Error Handling & Observability
An error in production kills revenue: a down API, a payment failure, or a data leak. Without observability, you're blind—running on faith. Observability means you can ask any question about system behavior without adding new code. Implement structured logging (every event recorded as JSON), centralized error tracking (Sentry or similar), and distributed tracing (follow a request through all services). This guide sets up production-grade observability in FastAPI using industry-standard tools and patterns.
Structured Logging vs. Printf Logging
Printf logging ("User created: [email protected]") is unstructured; searching, filtering, and alerting on it is manual. Structured logging emits JSON:
{
"timestamp": "2026-06-02T10:30:45Z",
"level": "INFO",
"logger": "app.users",
"event": "user_created",
"user_id": 42,
"tenant_id": 1,
"email": "[email protected]",
"duration_ms": 145
}
Structured logs are queryable: "Find all errors in tenant 1 in the last hour" becomes a database query. This is standard practice in SaaS.
Setting Up Structured Logging with Python
Install logging libraries:
pip install python-json-logger python-dotenv
Create a centralized logging configuration:
# logging_config.py
import logging
import json
import sys
from datetime import datetime
from pythonjsonlogger import jsonlogger
class CustomJsonFormatter(jsonlogger.JsonFormatter):
"""
Custom JSON formatter that includes standard fields
(timestamp, level, logger name) plus custom context.
"""
def add_fields(self, log_record, record, message_dict):
super().add_fields(log_record, record, message_dict)

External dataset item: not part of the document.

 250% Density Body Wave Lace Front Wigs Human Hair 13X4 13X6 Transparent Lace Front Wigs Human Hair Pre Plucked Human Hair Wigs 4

# Add timestamp in ISO 8601 format
log_record["timestamp"] = datetime.utcnow().isoformat() + "Z"
log_record["level"] = record.levelname
log_record["logger"] = record.name
def setup_logging():
"""Configure structured JSON logging for all Python loggers."""
# Console handler (for local development and container logs)

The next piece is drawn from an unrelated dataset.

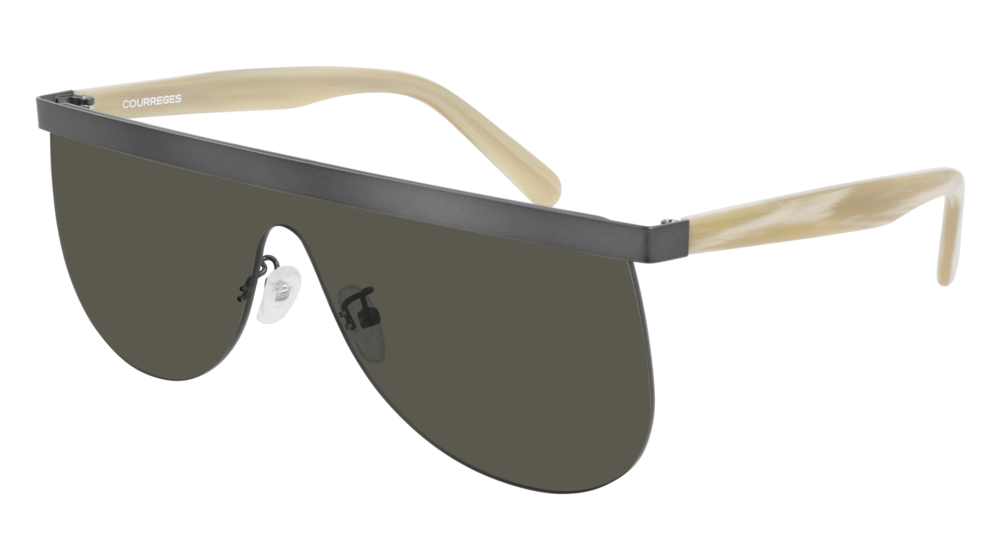 Courreges Sunglass Woman Ruthenium Beige Brown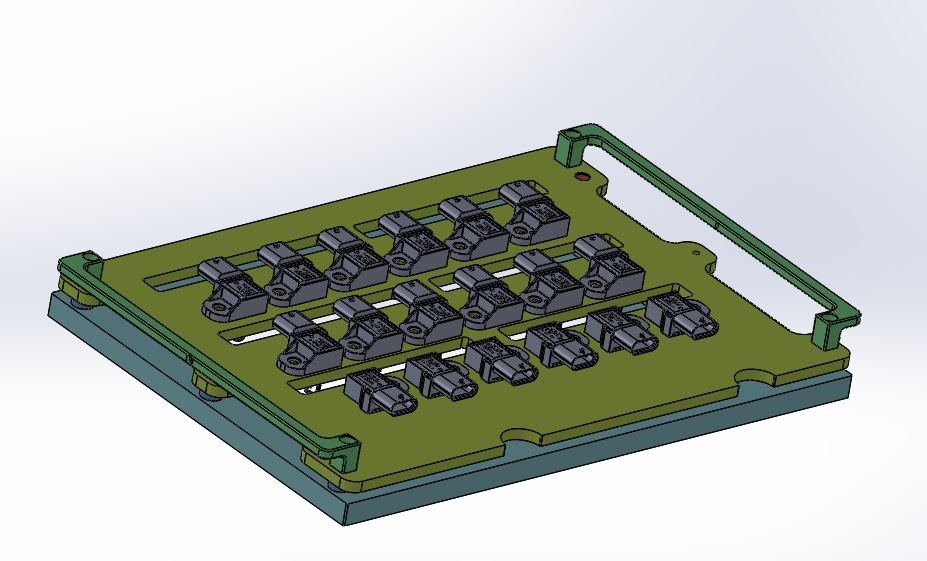 产品放置定位转运托盘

console_handler = logging.StreamHandler(sys.stdout)
console_handler.setLevel(logging.INFO)
formatter = CustomJsonFormatter()
console_handler.setFormatter(formatter)
# Root logger
logging.root.setLevel(logging.INFO)
logging.root.addHandler(console_handler)
# Suppress noisy libraries
logging.getLogger("httpx").setLevel(logging.WARNING)
logging.getLogger("sqlalchemy").setLevel(logging.WARNING)
logging.getLogger("urllib3").setLevel(logging.WARNING)
# Initialize on app startup
setup_logging()
logger = logging.getLogger(__name__)
Contextual Logging with Correlation IDs
Trace a request through multiple services using a correlation ID:
import contextvars
import uuid
from fastapi import Request, FastAPI
from starlette.middleware.base import BaseHTTPMiddleware
import logging
correlation_id_context: contextvars.ContextVar[str] = contextvars.ContextVar(
"correlation_id", default=None
)
class CorrelationIdMiddleware(BaseHTTPMiddleware):
"""
Add a unique correlation ID to each request.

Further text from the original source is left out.